Açılan dava ve hazırlanan iddianamenin bir hukuk ayıbı olduğunu vurgu yapan Müsiad Başkanı Dr. Ömer Bolat, davanın Anayasa Mahkemesi tarafından ön inceleme ardından reddedilmesi gerektiğini vurguladı. Anayasada gerekli düzenlemelerin yapılarak keyfi davranışların önüne geçilmesi gerektiğini ifade eden Bolat, "Türkiye'de bir memurun bile görevinden atılmasının mümkün değil. Buna rağmen bir partinin kapatılması ve siyasi yasaklı konumuna düşürülmesi trajikomik bir yanlıştır." dedi.

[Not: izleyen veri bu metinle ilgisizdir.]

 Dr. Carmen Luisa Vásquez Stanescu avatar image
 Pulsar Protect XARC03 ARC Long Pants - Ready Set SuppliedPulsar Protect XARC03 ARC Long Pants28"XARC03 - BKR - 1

Hukukçular Derneği Başkanı Av. Kamil Uğur Yaralı, hazırlanan iddianamenin bir hukuk skandalı olduğunu belirterek, "Bu dava ve iddianamenin ciddiye alınacak bir tarafı yok." dedi. Hukukun normalde çözüm bulma sanatı olduğunu ifade eden Yaralı, ancak açılan bu davada hukukun bizatihi problemin odağı haline geldiğine dikkat çekti. Ciddiye alınmayacak iddianame için ironi yapılması gerektiğini belirten Yaralı, "İddianame eksik kalmış. Başsavcı kimin Cumhurbaşkanı, kimin başbakan olması gerektiğini de belirtmeliydi. Söylenecek en güzel söz sadece bu siyasilere değil vatandaşa da 10 yıl seçme yasağı getirilmeliydi. Türkiye'de hukuk bitmiştir." dedi.

Mazlumder İstanbul Şube Başkanı Ayhan Küçük, açılan dava ve hazırlanan iddianamenin demokrasiye vurulan bir kert olduğunu belirterek, insan haklarında Türkiye'yi geriye götüreceğine işaret etti.

İnsani Yardım Vakfı (İHH) Genel Başkanı Bülent Yıldırım ise, dava sonucunda oluşacak ekonomik kriz nedeniyle Türkiye'yi fakirleşmesine neden olduğu için Başsavcının yargılanması gerektiğine dikkat çekti. Yıldırım, "Saçma sapan şeylerle ülkenin krize sokulmasını hükümet engellemeli ve gerekli düzenlemeleri yapmalıdır. Vatandaş gereken desteği seçimlerde vermiştir. Türkiye'yi dünyada küçük düşürenler ve fakirleştirenler gereken cezayı çekmelidir." diye konuştu.